Mustard 9555B bait holder hook, Size 2 or 3 with about a metre of trace between sinker and hook. As small a sinker as you can get away with.

I just insert the hook point into the bottom of the tail and threat up about a centremetre and out again.

A bit harder to cast but it doesn't kill the yabby and leaves it free to walk around the bottom. This is a killer set up for big whiting and also works well for bream,lizards and grunter.

I rig unweighted yabbies in this manner and cast to structure along the river banks for big bream, just drifting along at th same pace as the bait and letting it sink naturally. It works for me every time, even when all else fails.


----------



## Robbo (Jan 6, 2007)

Thanks for the tips....you fellas have given me some great ideas and techniques to play around with now


----------



## Jeffo (Sep 10, 2006)

I put a small hook through the third piece of body segment from the tail & usually fish will little or no weight.

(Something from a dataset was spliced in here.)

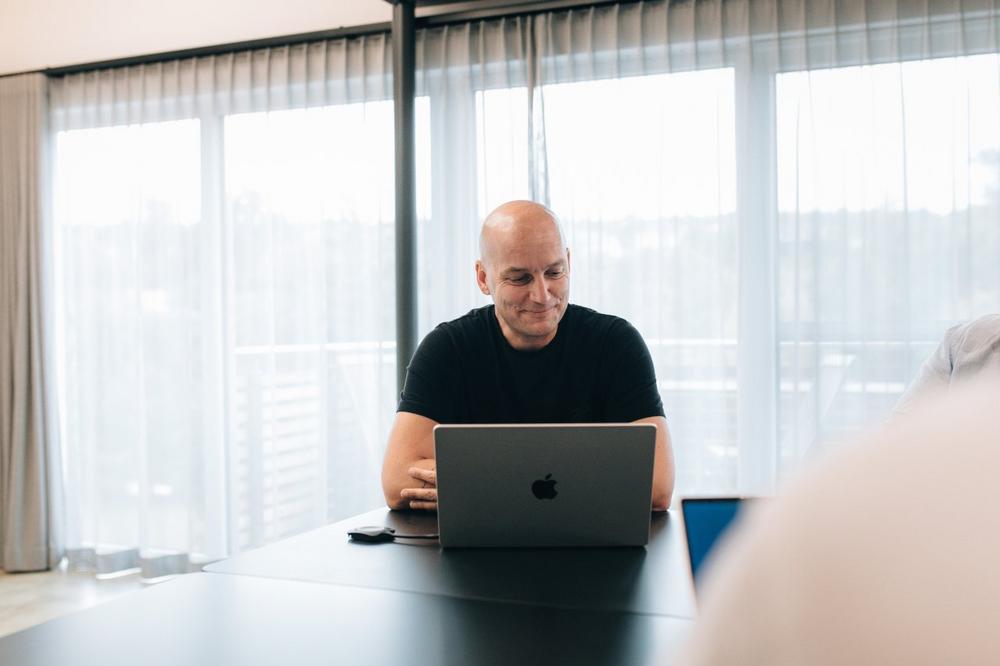 Ein Gespräch mit Christian Kirsch, Unternehmer, Leadership-Coach und Mitgründer von amaiko.ai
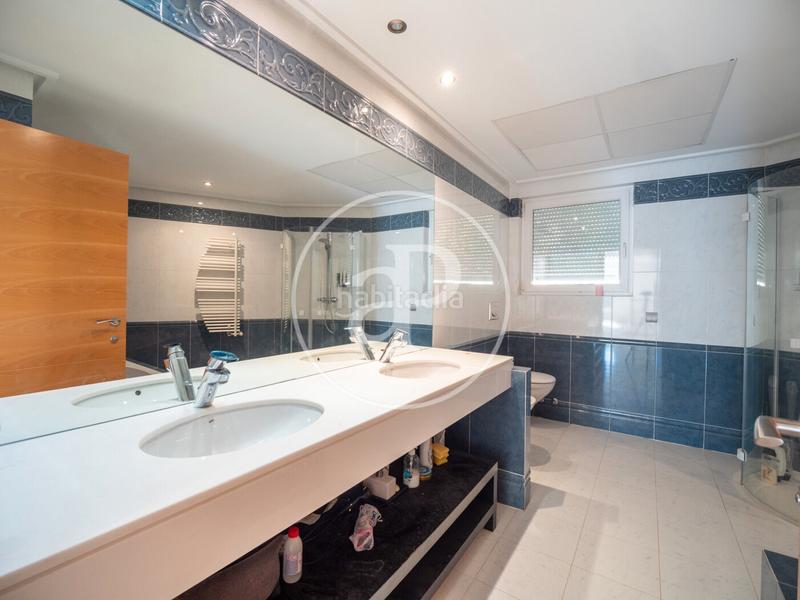 Foto 65c0febd-7498-41fd-98b2-36ce97682278. House with heating parking pool in Gilet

I have found this keeps the bait alive & have no trouble with hookup. I also take the nipper off.

Cheers

Jeffo


----------



## Biggera Yakker (Jan 25, 2007)

Yeah I forgot to mention taking the nipper off, mostly so that it doesn't bite me!!
I've had a few draw blood really quickly!!


----------



## Davey G (Jan 15, 2006)

I'm the same as Mick - a long shank hook through the underside of the tail, thread the tip inside the body about 1 cm up the body and out again. I do not use any weight as a naturally drifting yabbie will get a lot more attention than a weighted one.

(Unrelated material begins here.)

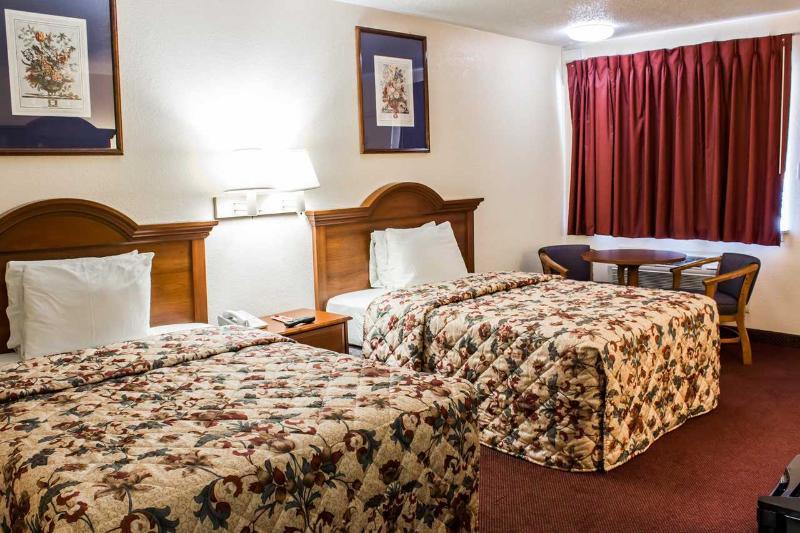 Econo Lodge Selma Exteriör bild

I've also tried simply pinning it through the tail with the hook going straight through the back and out the underside of the yaby near the tail and not back up through the body - this also works well as most of the time if the fish takes 75% of the yabby and eats it, they'll come back for the 'morsel' left on the end of the hook.


----------



## ausbass (Feb 15, 2007)

_*cast gentley!!!!!!!!!!!!!!!!!!!!!!!!!!!!!!!!!!!!!!!!!!!!!!!!!!!!!!!!!!!!!!!!!!*_


----------